**Activity**
Give the data again in full. Keep every line the same.

**Provided material**
○ ○ ○ ○ ○ ○ ○
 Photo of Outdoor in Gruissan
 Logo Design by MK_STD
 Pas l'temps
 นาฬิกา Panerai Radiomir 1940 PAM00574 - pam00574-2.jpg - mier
○ ○ ○ ○ ○ ○ ○
**Response**
 Photo of Outdoor in Gruissan
 Logo Design by MK_STD
 Pas l'temps
 นาฬิกา Panerai Radiomir 1940 PAM00574 - pam00574-2.jpg - mier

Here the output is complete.